Red Rose closed its doors almost seven years ago, but the memory thrives with one of its own former baristas prospering across our continent (cannot stress enough how much Ms. Van Etten is succeeding in The States and Canada) representing what Murfreesboro, and a tolling, control-fueled relationship provided muse-wise during a short-stint live in this town. The guy tried to snuff her ambition, but no matter what pain and life experience he provided, she’s shining through in a classy fashion strumming guitars electric and acoustic, as well as an ukulele every now and then in a soft-grunge indie-folk singer/songwriter beat, debuting the album Tramp released by Jagjaguwar Records on February 7th. Utilizing a little over a year’s worth of work into the 12 track LP mixes the likes of a Julie Doirdon’s musical style and the consistently heard mannish vocals of Chan Marshall.

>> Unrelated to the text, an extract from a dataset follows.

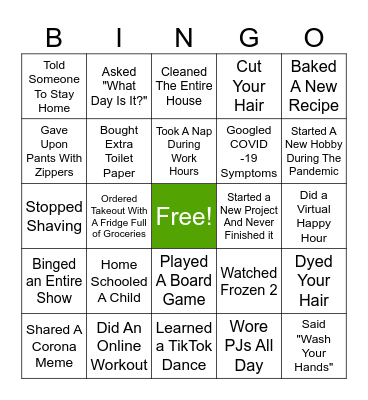 Name A Time When You.. Bingo Card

Tramp has recently landed Van Etten spots on Late Night with Jimmy Fallon and a really good interview/performance on CBC’s Q with Jion Ghameshi, bounding her commitment to the craft and the decent following worth the time and effort promoting Tramp, between finding places to crash around Brooklyn, NY, and proving to her unfortunate muse success is the best revenge.
The beginning track, “Warsaw,” states it with “I want to show you,” and the defending second track, “Give Out,” with “You’re the reason why I moved to the city/You’re why I’ll need to leave,” played to droning guitar strums. Similar notions are heard all the way through Tramps’ introspection with backup vocals sang by Bryce Dessner, a beautifully and almost exact pitch match of Stephen Merritt from the Magnetic Fields. Sparse use of the cello and floor toms for bass notes are ridiculous (in the good sense) on a couple tracks, and there’s even a good march of a song, “Magic Chords,” among everything in the latter half of the album as the production quality steps up track by track the same way every step of this singer’s journey heads.
Sharon Van Etten’s sold-out tour kept her up North for the past few months but gives way to a European stint through England, France, Amsterdam and Germany before landing her back on the West Coast the second half of this month. Her next local appearance will be Mercy Lounge April 26 a couple of days after a Knoxville appearance, if you’re out that way.